Quand ces fondations sont solides, l’entreprise peut encaisser les tempêtes. Quand elles sont bancales, même les plus beaux aménagements ne tiennent pas longtemps.

Un exercice à la fois ludique et stratégique

Ce travail d’analogie n’est pas qu’un jeu créatif : il a des implications concrètes.

En cartographiant la « maison », on peut :

  • Détecter les déséquilibres : trop d’espaces publics et pas assez de pièces pour se concentrer ? Trop de grenier (passé) et pas assez de jardin (avenir) ?
  • Prioriser les rénovations : faut-il d’abord consolider les fondations, réaménager la cuisine ou rouvrir une aile fermée ?
  • Rassembler autour d’une vision commune : partager la même maison imaginaire permet à tous de visualiser la transformation à opérer.

Quand la maison se transforme

L’exercice révèle aussi un point clé : une entreprise n’est pas figée. Sa « maison » évolue au fil des années, comme une bâtisse que l’on agrandit, rénove ou revend.

  • Une start-up peut passer du studio encombré à la maison familiale organisée.
  • Une PME artisanale peut devenir un immeuble de bureaux impersonnel — et parfois regretter la chaleur du passé.
  • Une multinationale peut apprendre à rouvrir ses portes et ses fenêtres pour laisser entrer un peu d’air frais.

« La maison idéale n’existe pas », conclut Julien Morel. « Ce qui compte, c’est de savoir si elle correspond encore à la vie qu’on veut y mener. »
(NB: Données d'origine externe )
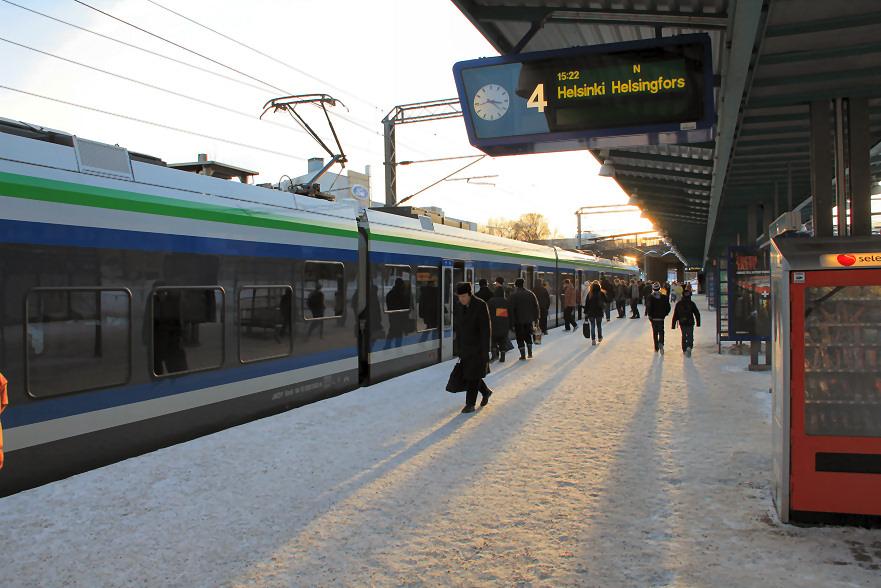 10.01.2017 30/53 5.1.3 Sm5 Pääkaupunkiseudun Junakalusto Oy on hankkinut erityisesti Kehäradan liikennettä varten Sm5-tyypin junia (kuva 12).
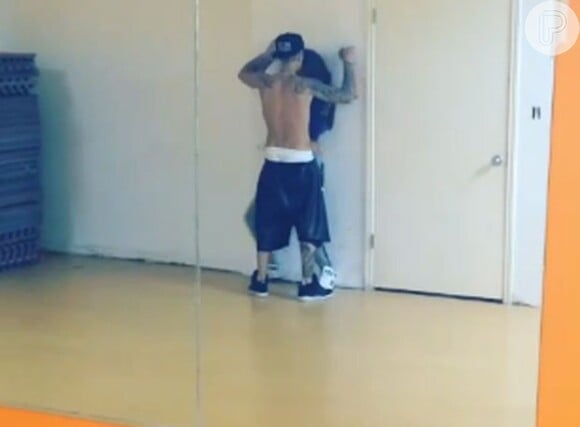 Justin Bieber prende seena Gomez na parede em coreografia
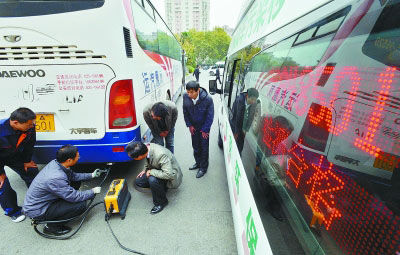 南京將先給校車、機場大巴裝“尾氣顆粒捕集器”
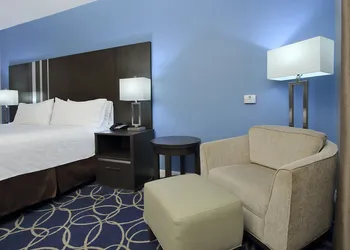 Holiday Inn Express & Suites Houston North - IAH Area by IHG hotel thumbnail 4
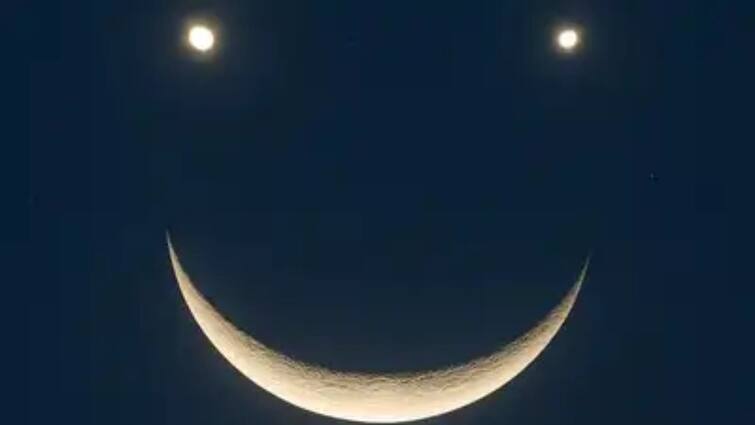 April 25 rare triple conjunction of venus saturn moon alignment to create smiley face in sky check date time how to watch Smiley Face In Sky: आसमान में किस दिन बनेगा 'स्माइली फेस', जानें क्या है इसे देखने का तरीका?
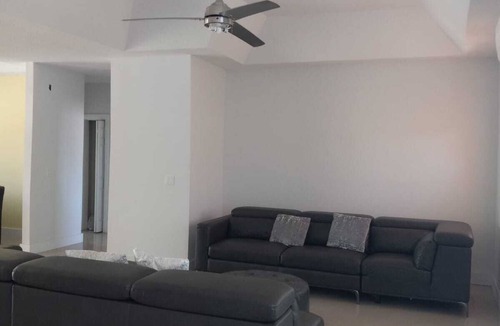 Royal Bahamian Estates House | Charming 3-bedroom house with AC, WiFi in lovely Freeport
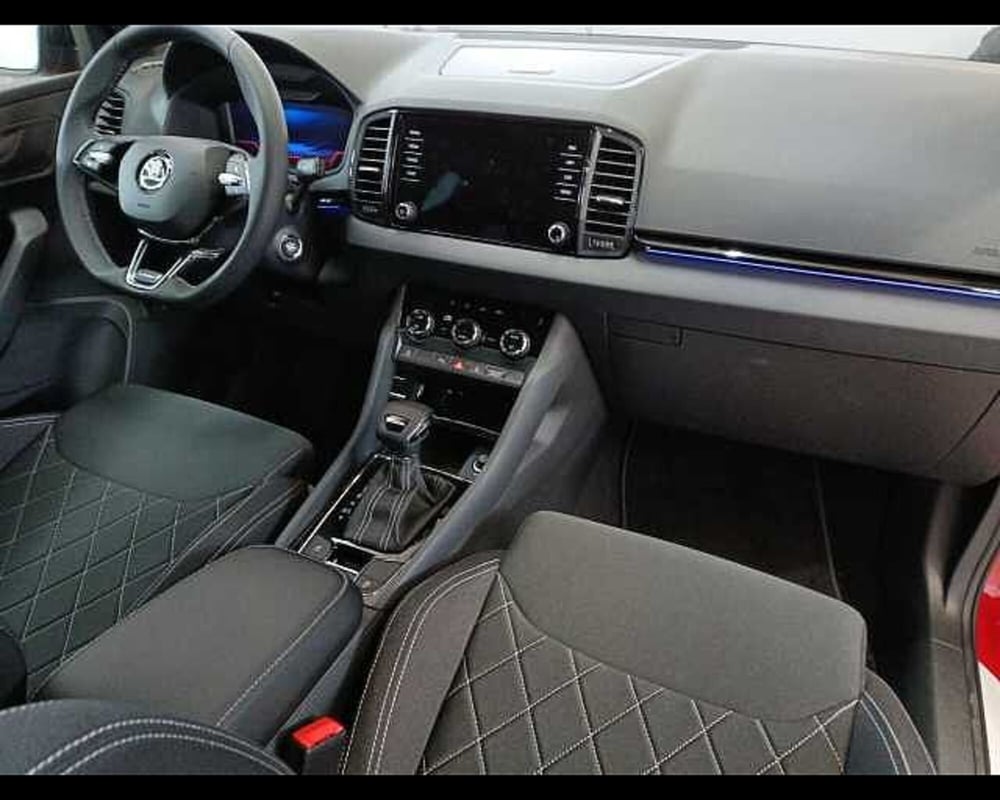 Skoda Karoq nuova a Roma (17)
Comment faire l’exercice chez soi

Pour un dirigeant ou un manager qui souhaite tenter l’expérience, voici un protocole simple :

  1. Formuler la question : « Si notre entreprise était une maison, à quoi ressemblerait-elle ? »
  2. Laisser parler l’image : décrire le type de maison, son état, son environnement.
  3. Explorer les pièces : attribuer à chaque espace une fonction ou une dimension de l’entreprise.
  4. Repérer les zones problématiques : fissures, pièces fermées, manque de lumière.
  5. Imaginer la rénovation : que faudrait-il changer pour que la maison reflète mieux la mission et les ambitions ?

La clé : passer de la métaphore à l’action

Une fois la « maison » dessinée, l’essentiel est de traduire l’image en décisions concrètes.

  • Si le toit fuit, cela peut signifier que la communication verticale est en panne : à vous de renforcer les canaux d’échange.
  • Si le jardin est en friche, il faut peut-être réinvestir dans la communication externe ou le développement commercial.
  • Si la cave est encombrée de vieux dossiers, c’est peut-être le moment de solder les conflits ou de clore les projets dormants.

La métaphore agit comme un miroir, mais c’est à vous d’entrer dans la maison pour y faire le ménage.

Épilogue : la maison comme boussole

En sortant de l’atelier, les dirigeants parisiens évoqués au début de cet article ne regardaient plus leur entreprise de la même manière. L’un d’eux, patron d’une PME de 80 salariés, confia : « J’ai réalisé que je vivais dans une maison que j’aimais, mais où je n’avais plus envie d’habiter tel quel. On a des pièces magnifiques, mais aussi des recoins où on n’ose pas mettre les pieds. Maintenant, j’ai envie de tout rouvrir. »

C’est peut-être là la force de l’exercice : rappeler que, comme toute maison, une entreprise est avant tout un lieu de vie. Elle mérite qu’on s’y sente bien, qu’on y circule librement, et qu’on prenne soin de ses fondations.